### WORK ITEM
Please return only the lines between the line with "Rubelite Euro Shank" and the final line of the entries, both included, and exclude pictures.

### AVAILABLE DATA

☆ ☆ ☆ ☆ ☆ ☆ ☆

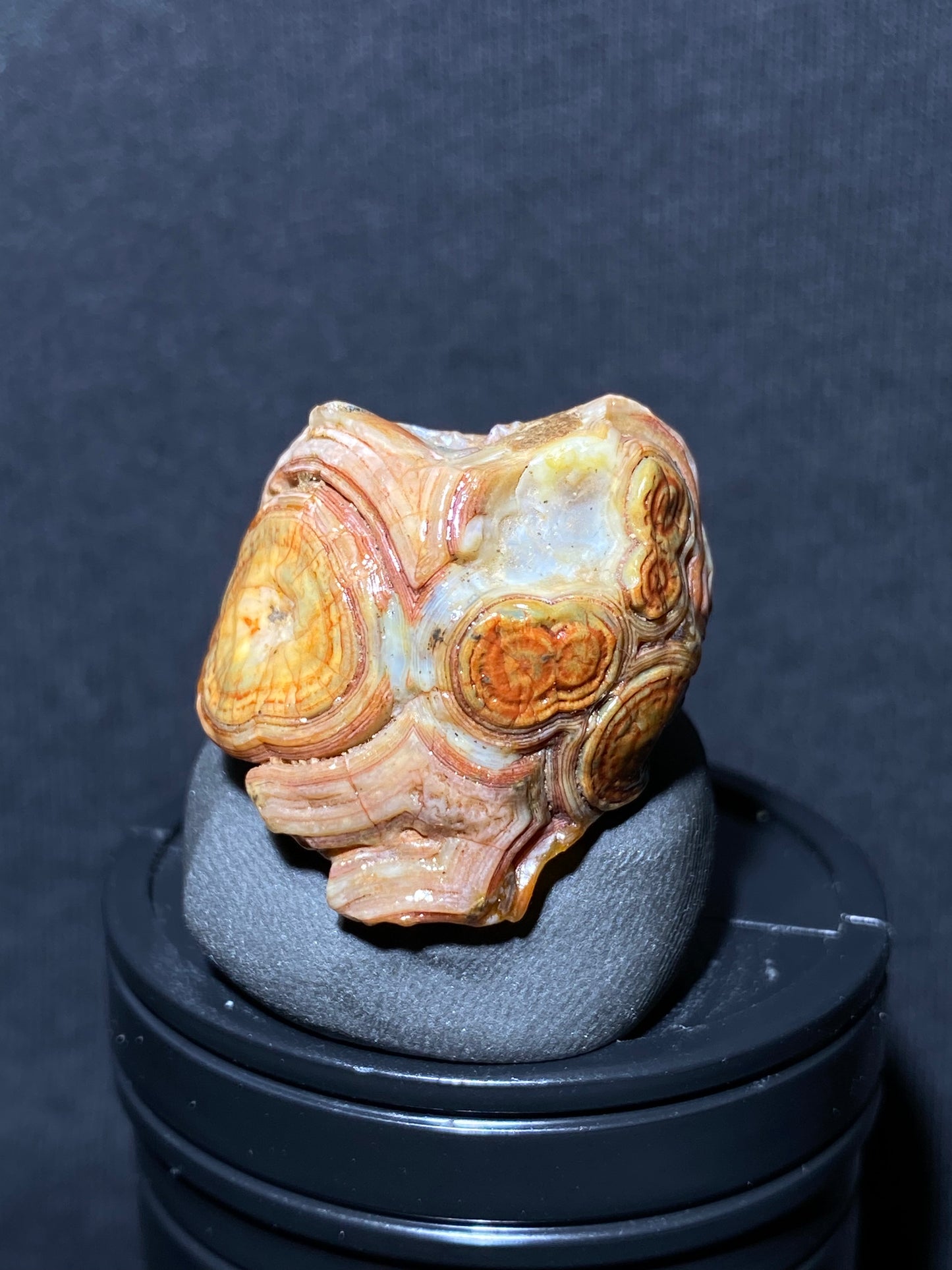 (1026)Alxa Desert Gobi eye Agate rough nature stone, face-like agate,Natural Color Raw Stone from Inner Mongolia.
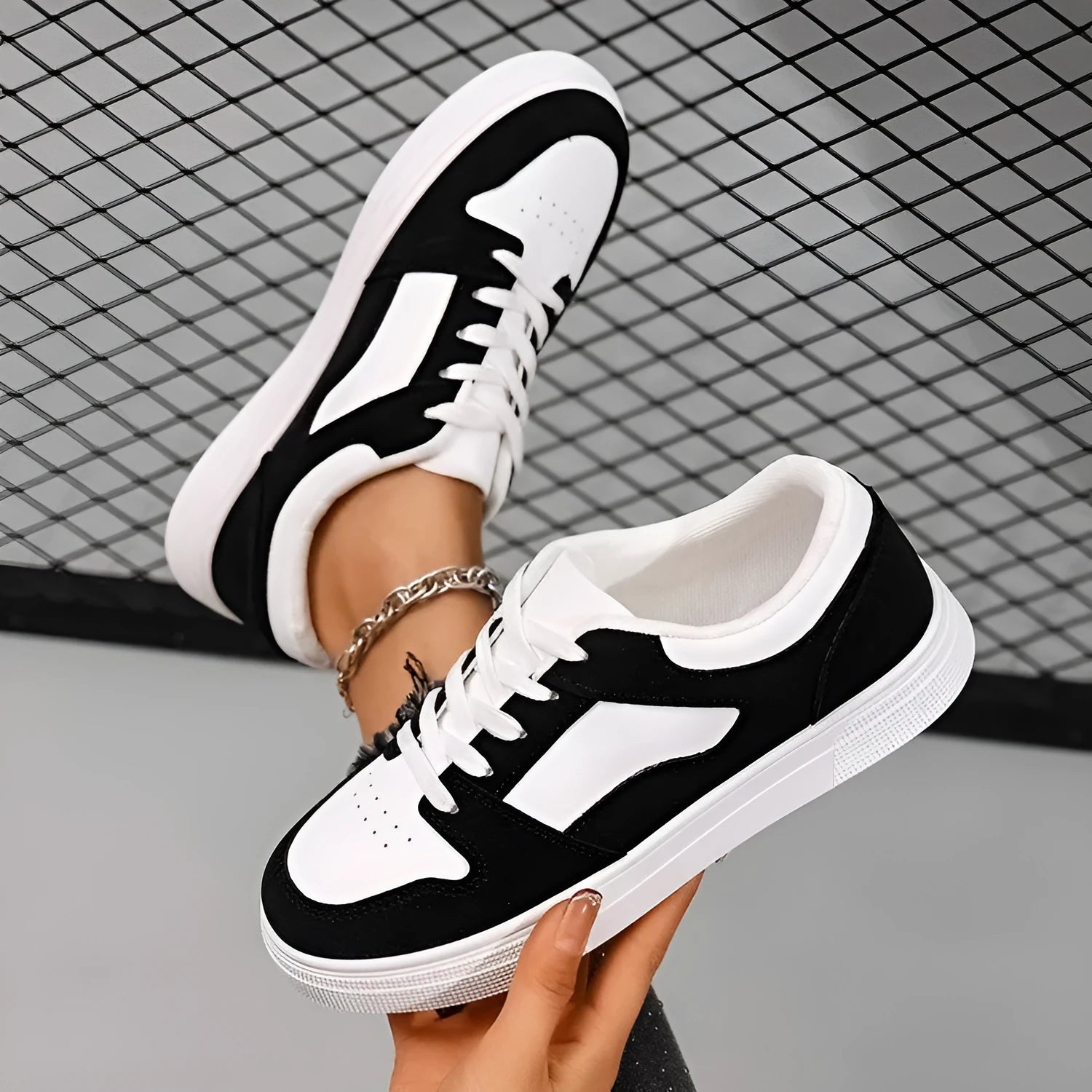 Black rubber sole casual women's sports shoes low top flat heel round toe lace-up shallow mouth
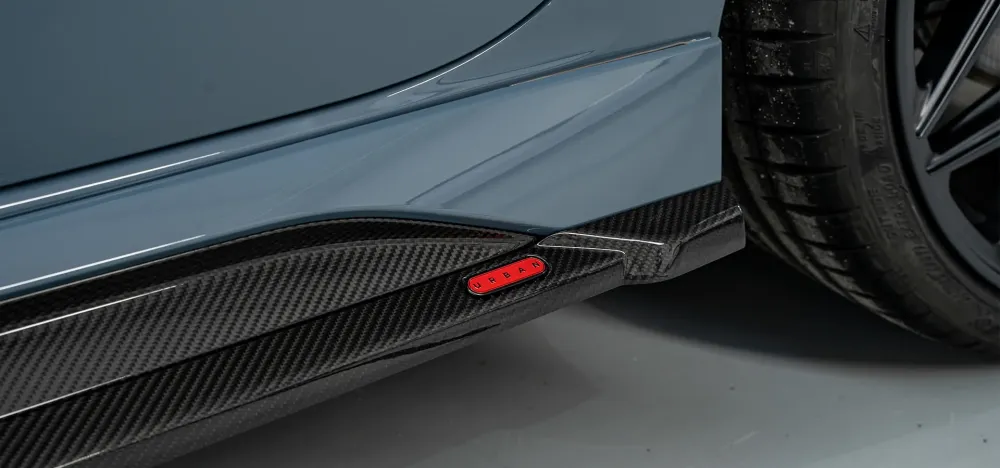 Urban Automotive karbonowe przedłużenia progów bocznych Audi RS3 8Y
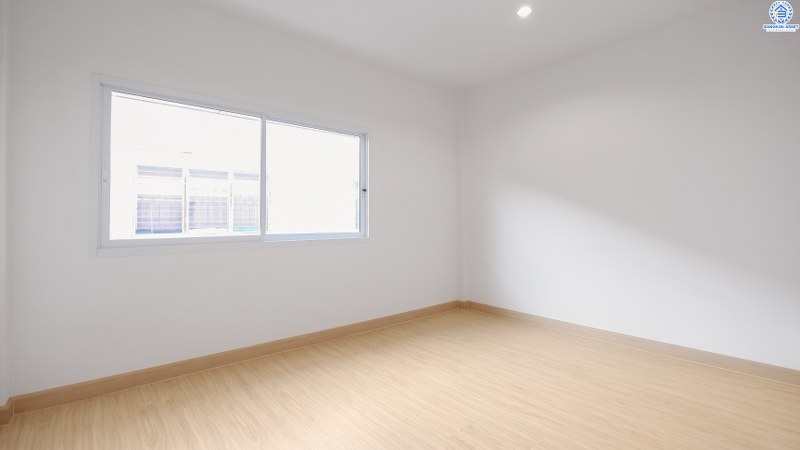 บ้านมือสองตกแต่งใหม่ ทำเลโซนเมือง! ม.ทอฝัน พิบูลสงคราม-พระราม5 ที่สุดของความคุ้ม! กับบ้านพร้อมอยู่ เนื้อที่ 16 ตร.ว. ครบครันทุกฟํงก์ชั่น 3 ห้องนอน 2 ห้องน้ำ บนทำเลที่จะทำให้คุณสะดวกทุกการเดินทาง เชื่อมต่อ 3 เส้นทางหลัก ทั้งถนนกรุงเทพ-นนท์ , พิบูลสงคราม และนครอินทร์  ใกล้รถไฟฟ้าสถานี "แยกติวานนท์" และจุดขึ้นทางด่วน "พระราม7"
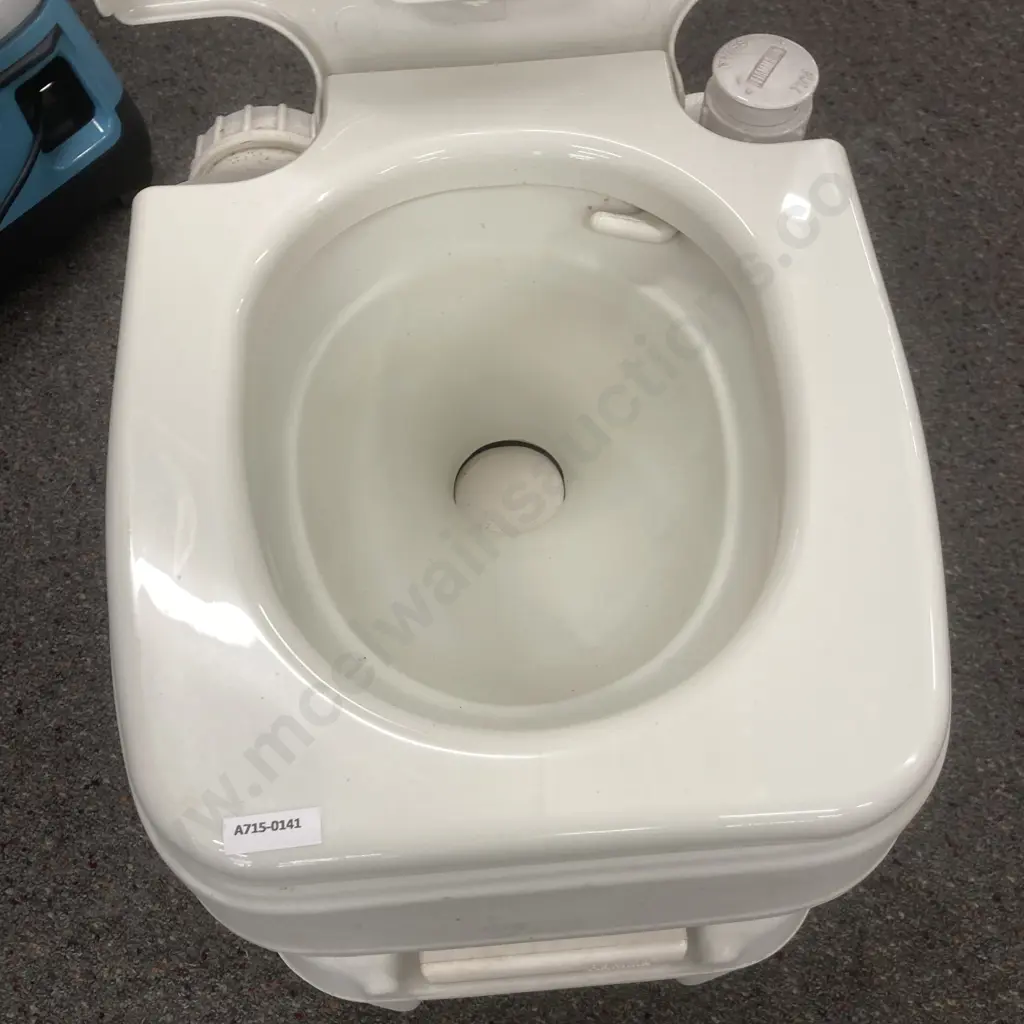 Fiamma Bi-Pot 39 Portable Toilet Image 1++
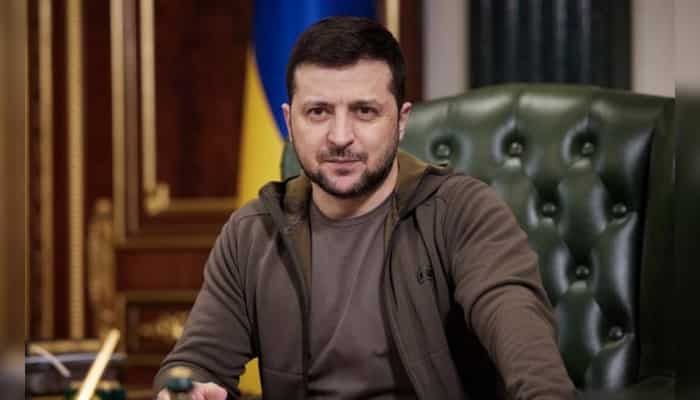 Ukrainian President Zelensky tells Russian troops to flee or surrender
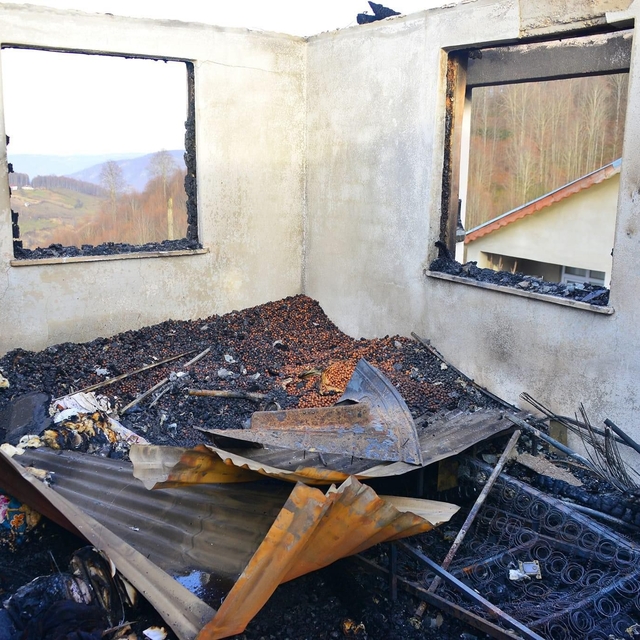 Ordu'daki ev yangınında 500 kilogram fındık zarar gördü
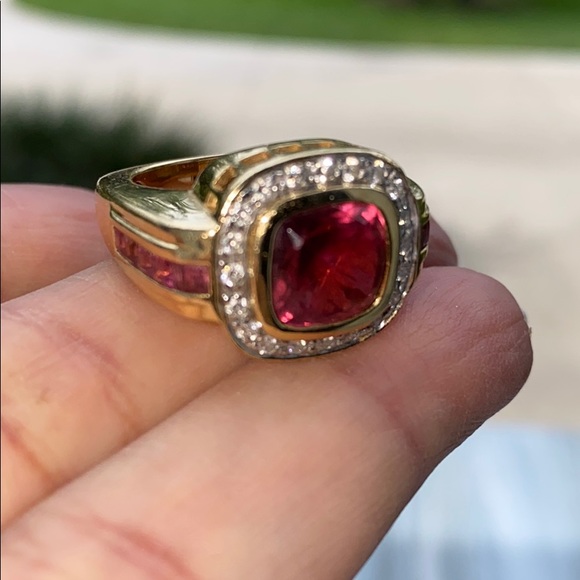 Rubelite Euro Shank Solid 18 Kt Yellow Gold Ring - Picture 2 of 13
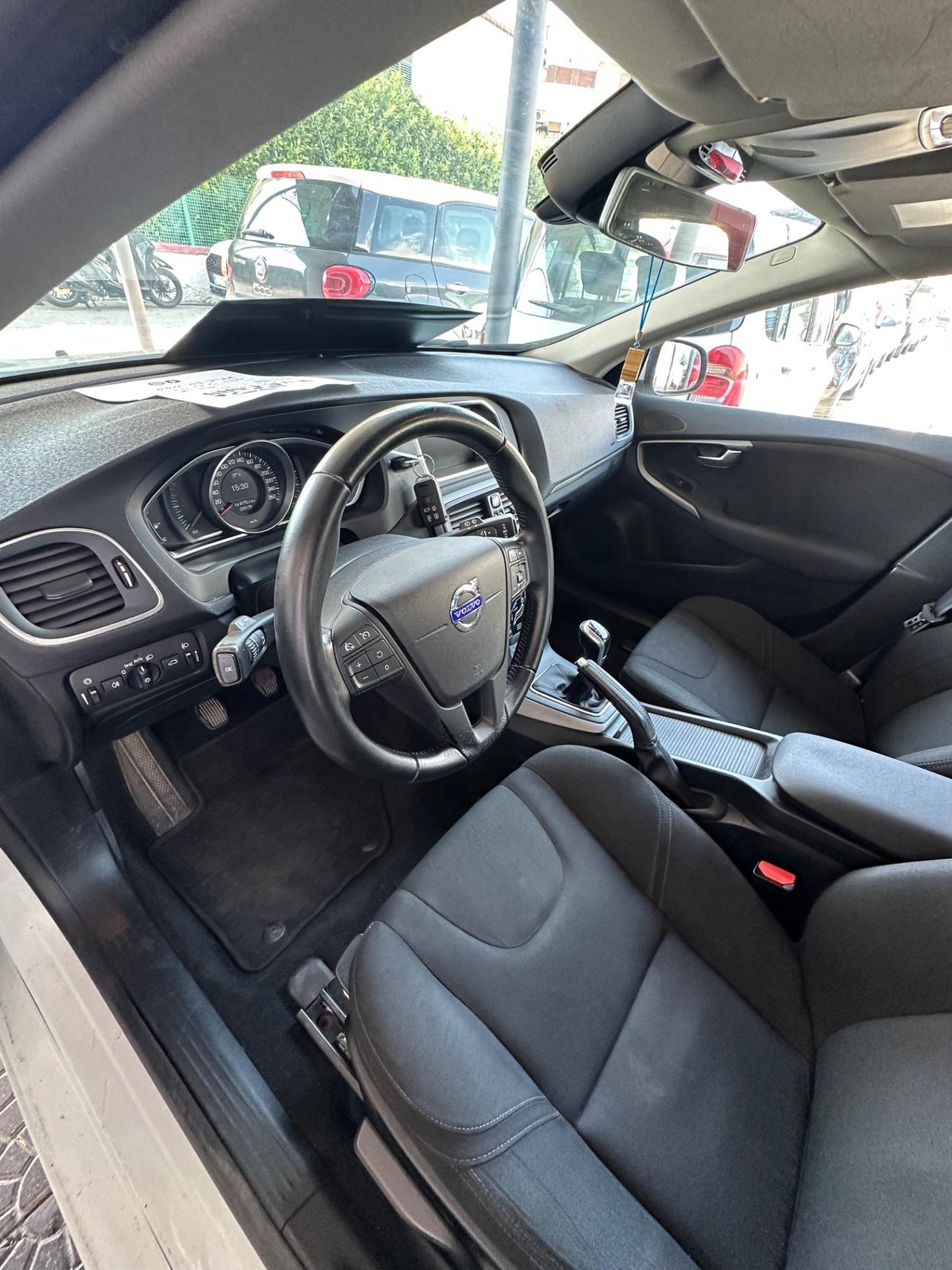 Volvo V40 D2 R-design Momentum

☆ ☆ ☆ ☆ ☆ ☆ ☆

### SOLUTION FOR THIS PROBLEM
 Rubelite Euro Shank Solid 18 Kt Yellow Gold Ring - Picture 2 of 13
 Volvo V40 D2 R-design Momentum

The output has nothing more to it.